What other crises has the Canberra property market survived?

By
Dr Nicola Powell
March 26, 2020
With worries of the coronavirus spreading, real estate agents are enforcing social distancing at private inspections. Photo: Peter Rae Photo: Peter Rae

Australia’s economic outlook has changed rapidly in recent weeks amid the coronavirus pandemic. 

With trillions wiped from shares and a recession likely, it is understandable consumer sentiment has plummeted lower than that reached during the global financial crisis. Confidence is not quite as dismal compared to Australia’s last recession in 1990-91 but isn’t far off and weak consumer sentiment is likely to deter or delay housing purchases.

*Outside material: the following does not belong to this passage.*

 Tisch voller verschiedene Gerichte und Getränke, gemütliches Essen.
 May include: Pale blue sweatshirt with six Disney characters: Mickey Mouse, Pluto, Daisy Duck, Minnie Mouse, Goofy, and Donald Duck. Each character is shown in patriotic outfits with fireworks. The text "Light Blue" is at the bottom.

The coronavirus pandemic could have an economic impact that is greater than the GFC. 2020 will see a recession but there is a recovery forecast for 2021 and fast containment of the virus will result in a quicker and stronger recovery. 

Government needs to act quickly and hard to support the economy through the months ahead. The current stimulus package is designed to help small to medium businesses stay afloat and keep people employed but declining business activity and rising unemployment is a risk to the housing sector.

From the great bond massacre, trade wars, dotcom bubbles and APRA’s credit squeeze, there have been numerous global events and crises that became looming threats to the property sector. Considering the unfolding health crisis, social distancing rules and imminent shutdown, the outcome is harder to predict because the circumstances are so novel.

What other crises has the Canberra property market survived? Photo: Frank Maiorana

Public auctions and open homes are now banned, although the property industry is adapting, by offering potential buyers virtual inspections, private viewings and online auctions to navigate through these temporary changes.

Property sales are likely to slow in the coming months as we adjust to this new way of life for the interim. However, the impact on sales is likely to be less severe than if we were heading into the spring selling season. The outcome of home values is less certain.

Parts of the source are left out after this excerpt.